## WORK ITEM
Exactly the lines from the one holding "Short Masculino Beachwear" through the last line of the listing below must appear in the answer, and no pictures.

## DATA SECTION
================================

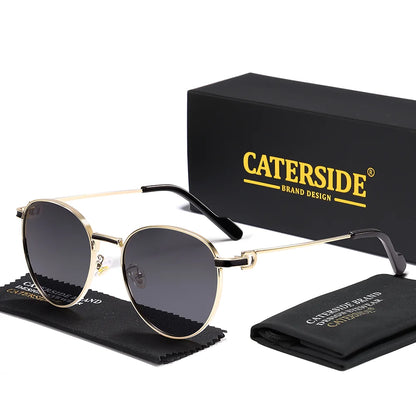 Gafas de Sol Redondas Polarizadas – Montura Metal Fina, Unisex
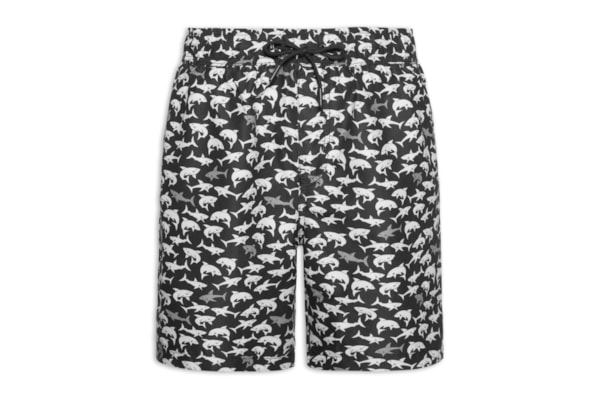 Short Masculino Beachwear Estampa Tubarão - Preto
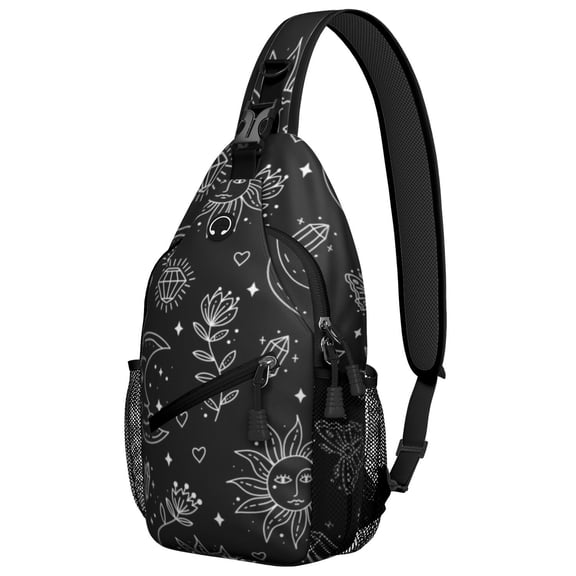 Gothic Black Stars and Moon Sling Bag for Women Men Hiking Sling Backpack AntiTheft Sling Shoulder Bag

================================

## EXERCISE RESPONSE
 Short Masculino Beachwear Estampa Tubarão - Preto
 Gothic Black Stars and Moon Sling Bag for Women Men Hiking Sling Backpack AntiTheft Sling Shoulder Bag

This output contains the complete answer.